À l’heure actuelle, c’est clairement le cas pour le PS. Ce
parti est en fait divisé en deux. On le sait depuis très, très longtemps, mais
un des rares avantages de la primaire est d’en faire la démonstration manifeste.
D’un côté, il y a des gens de gauche, véritablement de gauche, les seuls qui
méritent le qualificatif de « socialistes », c’est-à-dire ceux qui
veulent une réforme profonde du capitalisme libéral – je ne prétends pas qu’ils
veuillent l’abolir, mais cette radicalité-là a de toute manière à peu près
disparu du champ politique – dans le sens de davantage d’égalité. De l’autre,
il y a des socio-démocrates, c’est-à-dire des gens qui s’accommodent très bien
du capitalisme libéral tel qu’il existe actuellement et veulent seulement l’encadrer
pour en limiter les abus.
Entre ces deux camps, il n’y a, en réalité, pas d’accord
possible. Leur alliance résulte exclusivement d’une somme d’intérêts personnels
et politiciens : leurs membres respectifs ont tout simplement considéré
jusqu’à présent que le Parti socialiste, et donc le maintien de son unité et de
son existence, était le plus sûr moyen de conquérir les postes convoités.

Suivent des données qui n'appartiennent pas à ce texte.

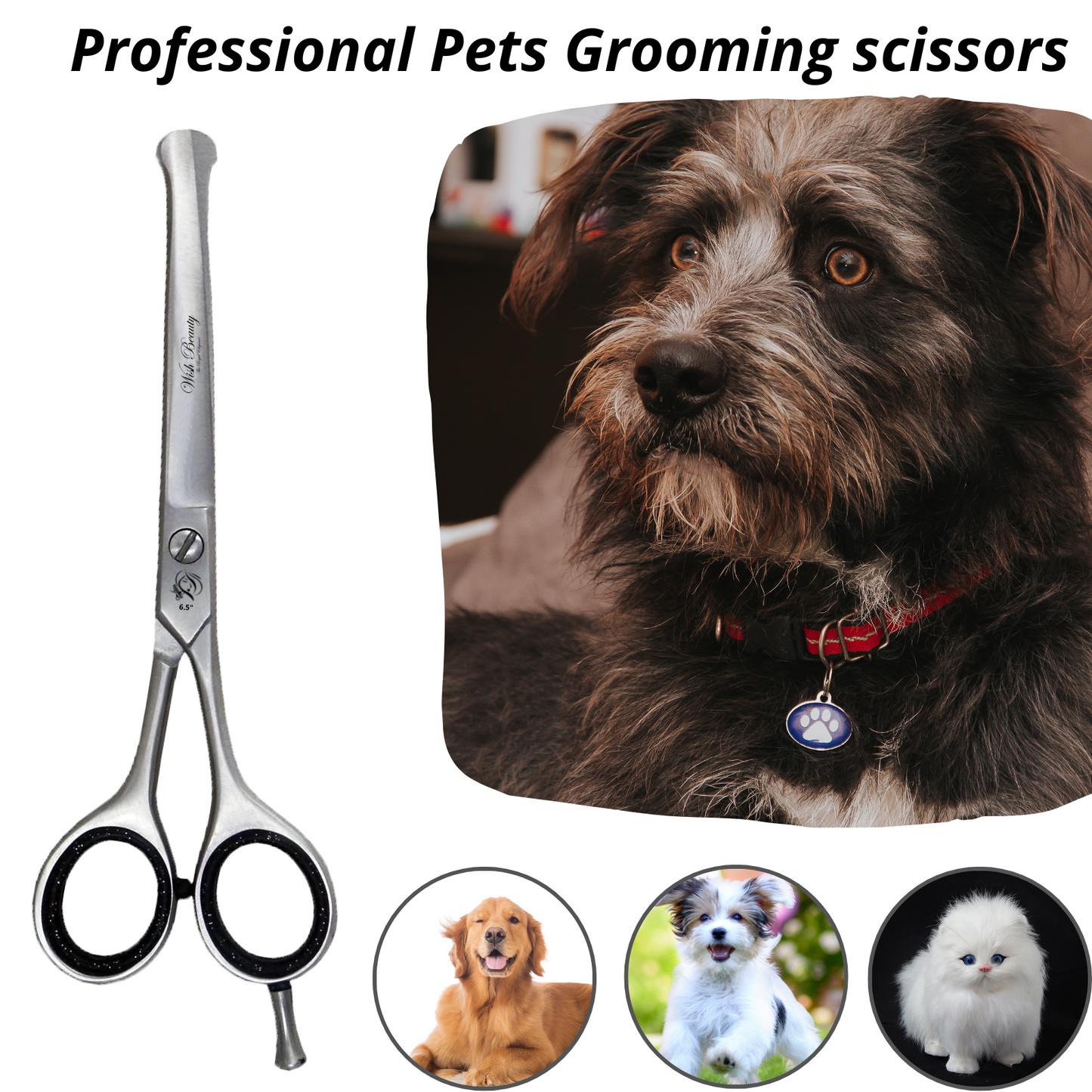 Professional Dog Grooming Shears | Pet Hair Cutting Scissors Set, with Rounded Safety Tips & Sharp  Stainless-Steel Blades. for Body, Paw and Face Trimming - Wishbeautyscissors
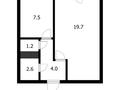 1-бөлмелі пәтер · 34.8 м² · 5/5 қабат, Республика 4/1, бағасы: 18.4 млн ₸ в Астане, Сарыарка р-н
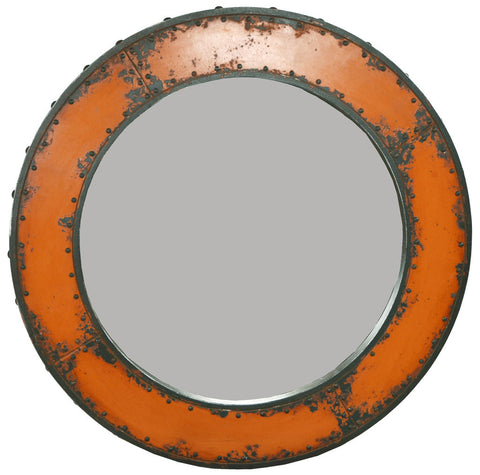 SPECCHIO ROTONDO ARANCIO
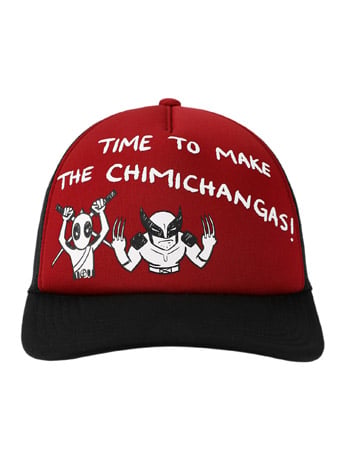 Deadpool & Wolverine Time to Make the Chimichangas! Trucker Hat Gallery Image 2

Mais sur le fond, les désaccords sont à peu près complets –
pour ceux qui ont quelques convictions, évidemment. Les socialistes sont partisans
d’une politique keynésienne de relance pilotée par l’État sans se soucier des
déficits. Ils souhaitent des politiques de véritable redistribution des
richesses, donc des impôts élevés, surtout pour les plus riches, et des
dépenses publiques importantes. Mécaniquement, ils sont assez méfiants vis-à-vis
de l’Union européenne telle qu’elle s’est construite depuis 1992.

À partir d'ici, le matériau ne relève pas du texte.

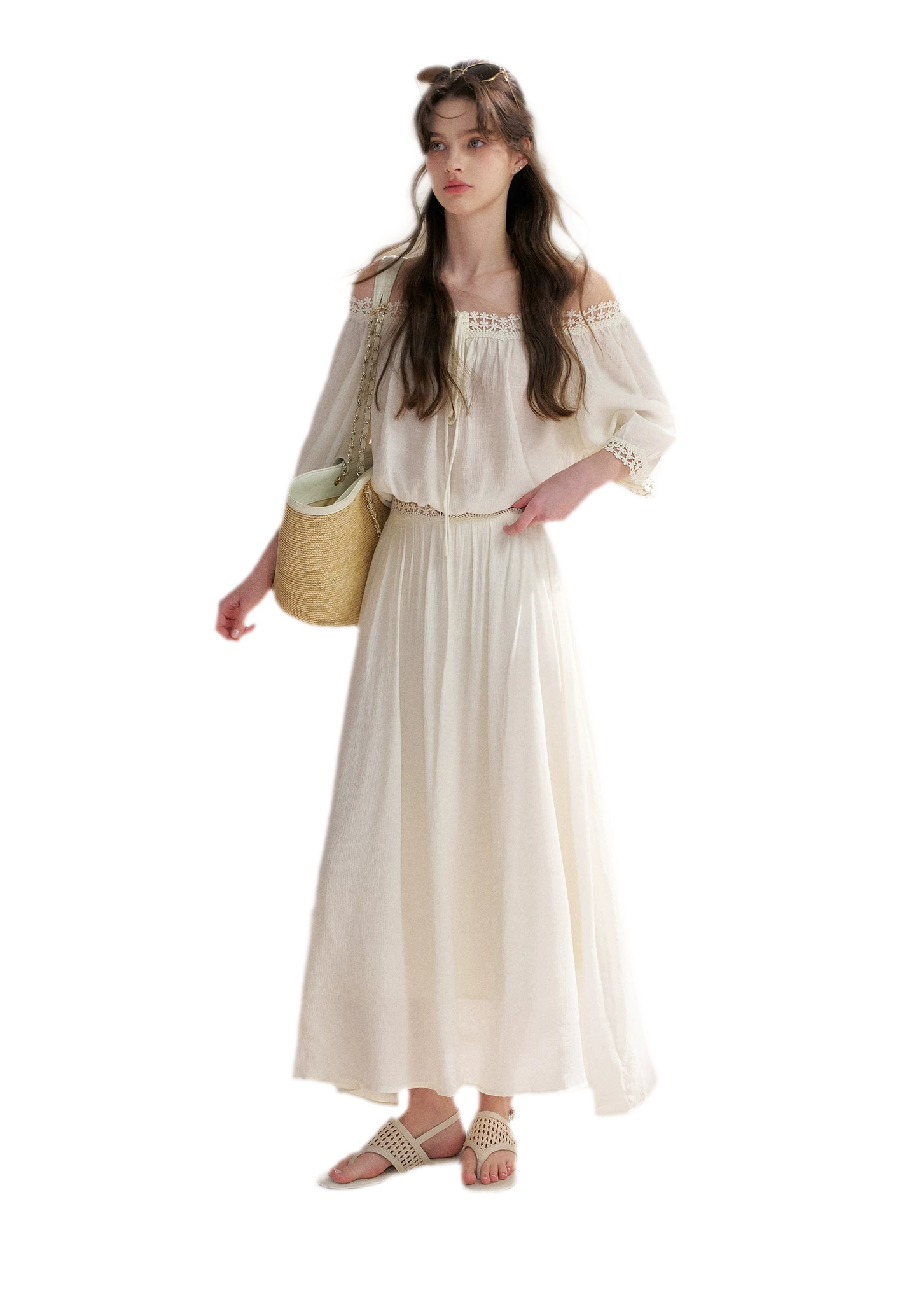 Lace Off-Shoulder Top & Skirt Set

Inversement, les socio-démocrates sont globalement partisans
de la rigueur budgétaire imposée par Bruxelles et d’une tentative de relance
par l’offre plutôt que par la demande. Ils ont accepté le dogme de base du
néo-libéralisme et du néo-classicisme économique selon lequel c’est en laissant
les plus riches s’enrichir qu’on fera reculer la pauvreté : ils ne veulent
donc pas taxer trop lourdement les revenus ou le capital.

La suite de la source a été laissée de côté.